# 4x4 issues, Locking Hubs problem?



## homeguard (Jan 20, 2011)

I have a 97, hardbody 4x4 5sp. The 4x4 worked great last year but this year all I'm getting is back tire spin like mad. So I drove up a snowy hill until it got stuck and had my girlfriend take over and spin the tires. It looks like my transfer case and front diff is good but my front left axle is spinning. I figured this means my locking hub is shot on that side. 

How big of a deal is replacing these? 
Do I have any chance that I can just rebuild it?

also my truck doesn't seem to have a 4x4 low, it will only pull down to engage 4x4. Is it because it is a manual?


----------



## skramer360 (Aug 14, 2005)

To put it in 4X4 low, pull transfer shifter down to 4H. Then push it down (like into the floor) and pull it farther back into 4L. Take yours apart and see what's wrong, there are some parts available from Nissan. Your best bet might be the local junkyard for the hub.


----------



## Grug (Aug 20, 2009)

Hey Homeguard, welcome to the forum. You might try this question to the 4WD section of the forum.
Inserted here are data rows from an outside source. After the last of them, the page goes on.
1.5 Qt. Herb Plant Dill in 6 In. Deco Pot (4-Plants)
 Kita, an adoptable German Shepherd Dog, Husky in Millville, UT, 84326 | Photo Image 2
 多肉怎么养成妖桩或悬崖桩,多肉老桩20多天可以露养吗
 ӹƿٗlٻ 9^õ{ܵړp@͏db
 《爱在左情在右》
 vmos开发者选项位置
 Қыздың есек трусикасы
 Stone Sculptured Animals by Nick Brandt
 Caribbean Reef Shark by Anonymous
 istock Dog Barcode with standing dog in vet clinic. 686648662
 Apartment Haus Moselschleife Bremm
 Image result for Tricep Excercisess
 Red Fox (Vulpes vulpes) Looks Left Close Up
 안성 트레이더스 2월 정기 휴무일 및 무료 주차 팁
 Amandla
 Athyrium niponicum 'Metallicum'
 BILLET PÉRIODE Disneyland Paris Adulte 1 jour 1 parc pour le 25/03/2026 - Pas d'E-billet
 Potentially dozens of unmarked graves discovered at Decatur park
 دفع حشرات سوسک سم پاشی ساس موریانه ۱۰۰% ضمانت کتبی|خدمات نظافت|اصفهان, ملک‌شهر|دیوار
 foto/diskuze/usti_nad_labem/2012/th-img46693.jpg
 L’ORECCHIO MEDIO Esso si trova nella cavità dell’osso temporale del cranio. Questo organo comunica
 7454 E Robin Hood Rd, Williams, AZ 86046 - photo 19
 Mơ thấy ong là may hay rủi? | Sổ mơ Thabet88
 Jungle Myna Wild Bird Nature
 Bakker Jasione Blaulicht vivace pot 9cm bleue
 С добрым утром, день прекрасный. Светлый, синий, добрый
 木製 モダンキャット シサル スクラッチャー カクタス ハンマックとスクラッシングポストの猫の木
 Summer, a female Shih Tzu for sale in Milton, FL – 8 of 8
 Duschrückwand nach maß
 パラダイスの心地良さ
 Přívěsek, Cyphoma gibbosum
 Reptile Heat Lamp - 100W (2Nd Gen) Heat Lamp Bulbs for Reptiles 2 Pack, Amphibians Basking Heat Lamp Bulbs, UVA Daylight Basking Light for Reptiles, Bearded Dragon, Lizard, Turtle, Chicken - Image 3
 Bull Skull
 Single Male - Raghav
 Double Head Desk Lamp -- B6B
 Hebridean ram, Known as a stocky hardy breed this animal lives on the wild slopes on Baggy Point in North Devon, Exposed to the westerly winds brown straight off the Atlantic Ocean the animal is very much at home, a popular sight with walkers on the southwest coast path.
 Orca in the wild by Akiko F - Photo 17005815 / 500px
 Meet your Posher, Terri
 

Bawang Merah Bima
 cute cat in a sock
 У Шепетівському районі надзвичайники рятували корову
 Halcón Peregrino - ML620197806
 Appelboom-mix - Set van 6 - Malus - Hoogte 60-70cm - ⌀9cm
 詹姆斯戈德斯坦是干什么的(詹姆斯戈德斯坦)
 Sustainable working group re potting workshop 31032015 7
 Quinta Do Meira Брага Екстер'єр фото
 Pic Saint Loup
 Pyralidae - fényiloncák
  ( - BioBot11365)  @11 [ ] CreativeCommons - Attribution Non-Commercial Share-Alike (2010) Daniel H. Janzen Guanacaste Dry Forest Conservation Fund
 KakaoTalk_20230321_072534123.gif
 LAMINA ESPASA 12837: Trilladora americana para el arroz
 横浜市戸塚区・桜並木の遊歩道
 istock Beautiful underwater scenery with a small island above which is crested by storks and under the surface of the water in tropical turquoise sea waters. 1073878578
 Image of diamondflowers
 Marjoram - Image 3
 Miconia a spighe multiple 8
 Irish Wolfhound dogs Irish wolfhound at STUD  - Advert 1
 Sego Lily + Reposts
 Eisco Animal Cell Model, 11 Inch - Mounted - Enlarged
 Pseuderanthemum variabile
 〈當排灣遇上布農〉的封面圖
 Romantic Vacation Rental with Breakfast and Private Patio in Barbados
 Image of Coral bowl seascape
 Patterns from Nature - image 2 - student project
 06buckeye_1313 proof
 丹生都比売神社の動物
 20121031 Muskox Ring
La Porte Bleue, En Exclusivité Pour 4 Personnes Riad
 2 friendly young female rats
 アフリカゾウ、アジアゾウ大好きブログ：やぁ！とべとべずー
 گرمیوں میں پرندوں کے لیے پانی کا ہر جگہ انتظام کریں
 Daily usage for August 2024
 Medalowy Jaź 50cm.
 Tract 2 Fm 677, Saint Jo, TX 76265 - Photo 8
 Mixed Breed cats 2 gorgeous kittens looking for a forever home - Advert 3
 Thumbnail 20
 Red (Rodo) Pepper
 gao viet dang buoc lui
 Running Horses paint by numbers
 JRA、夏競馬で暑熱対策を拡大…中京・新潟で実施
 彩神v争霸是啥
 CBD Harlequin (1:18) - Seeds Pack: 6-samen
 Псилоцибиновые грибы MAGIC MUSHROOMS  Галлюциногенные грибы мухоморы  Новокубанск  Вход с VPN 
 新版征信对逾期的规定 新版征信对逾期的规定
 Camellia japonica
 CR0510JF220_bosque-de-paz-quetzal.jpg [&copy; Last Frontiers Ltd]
Also, I thought I read somewhere that you should engage the clutch when going in and out of 4WD Low. Not sure if that's right...but I do it. I always engage the 4WD (either H or L) when the truck is not moving. Probably just bein' paranoid...I know.

Cheers!


----------



## homeguard (Jan 20, 2011)

It says in the manual to have the brake on as well when switching to 4WD. Thanks for the replies.


----------



## homeguard (Jan 20, 2011)

I pulled off the hub and found small loose ball bearing balls. It appears they jammed up the spring. I'm not sure where they came from, I didn't take apart the plastic parts because they would probably just break. Is there bearings used in the plastic parts?

I put it back on and everything works perfectly. All though I will cant get it to go into N or 4L but i never have been able to.


----------



## matt7 (Jan 21, 2011)

*steering damper pro's and con's....*

I have never used a forum like this but it seemed like a good place to find advice on my 95-4wd hb..Im curious of the effects of a steering damper on my truck.the truck sits on 31's with a 3" lift and torsion bars slightly cranked...total of about 4" lift.... the steering components in these models are less than suitable for my driving style...the truck gets alot of play time in snow, sand, mud, ets...also planning to drive 3500miles across the country.besides a steering damper, what other modifications are wise for this sort of drive, but still maintaining sufficient off road capability? Any particular maintenance?:newbie:


----------



## smj999smj (Jan 1, 2006)

Personally, I would ditch the Nissan hubs and replace with a WARN #29091 hub set. It's tough, comes with a lifetime warranty, comes with both right and left hubs and they are easy to install. You can pick up the set for $150 & free shipping from AutoPartsDealer.com.


----------